Thakur Ram Janki Virajman Mandir Sankadik Ashram v. Kanhaiya Das Disciple Ram Udaar Sankadik Ashram
2014-10-28
MAHENDRA DAYAL
body2014
DigiLaw.ai
JUDGMENT Mahendra Dayal, J. 1. I have heard the learned counsel for the parties and the appeal is being finally disposed of at the admission stage with the consent of the learned counsel for the parties. 2. The short question involved in the second appeal is as to whether in a case where the defendant prefers a counter claim and his counter claim is allowed and the suit is dismissed, the aggrieved party will have to file two separate appeals or filing of only one appeal would be sufficient. 3. The plaintiff-appellant had filed a suit for permanent injunction against the respondent in the court of Civil Judge (Senior Division) Faizabad. The plaintiff-appellant had impleaded two defendants in the original suit, one is the respondent who is sole respondent here and the other was Ram Udar Das who died after filing of the written statement. During the pendency of the suit the present respondent filed a counter claim for the relief of cancellation of the registered document dated 9.2.1999 executed in favour of the plaintiff/appellant no. 2. The learned trial court by the judgment and decree dated 26.5.2007 dismissed the suit for permanent injunction but allowed the counter claim cancelling the said registered documents dated 9.2.1999 executed in favour of the plaintiff/appellant no. 2. 4. Being aggrieved by the aforesaid judgment and decree the plaintiff/appellant no. 2 preferred a Civil Appeal No. 34 of 2007 challenging the impugned judgment and decree by which his suit for permanent injunction was dismissed and counter claim of the respondent was allowed.

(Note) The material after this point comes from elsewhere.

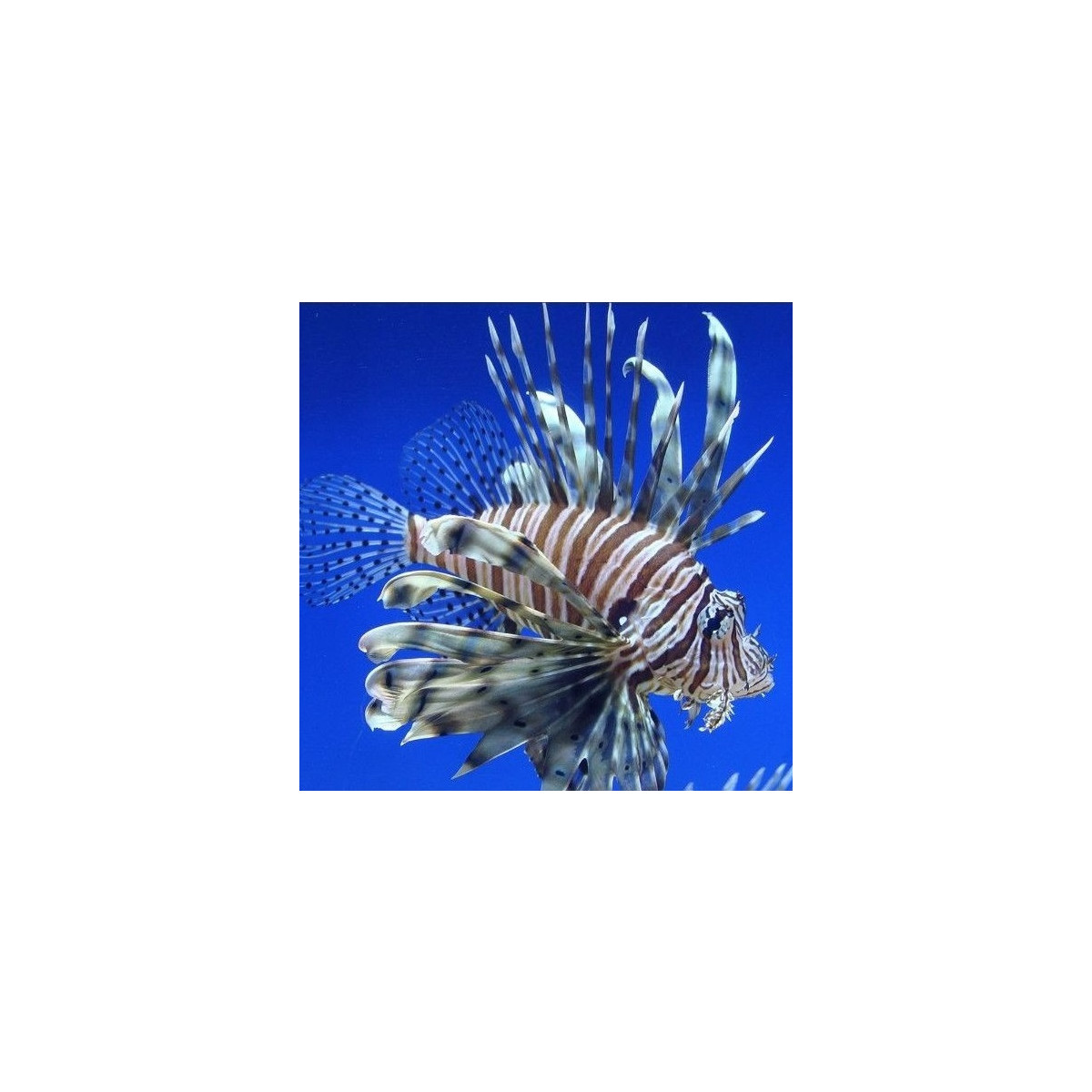 Pterois volitans - Rotfeuerfisch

The learned appellate court without going into the merits of the case dismissed the appeal on technical ground that against the impugned judgment and decree the plaintiff/appellant no. 2 should have filed two separate appeals one against the cancellation of suit of permanent injunction and the other against which the counter claim was allowed. It was also found that the plaintiff/appellant filed the appeal against the dismissal of the suit for permanent injunction did not file the appeal against the judgment by which counter claim was allowed and has not paid court fees in respect of the appeal, if any, filed against the decree of counter claim. 5. Before entering into the aforesaid controversy it will be appropriate to examine the provision with regard to filing of counter claim by the defendant.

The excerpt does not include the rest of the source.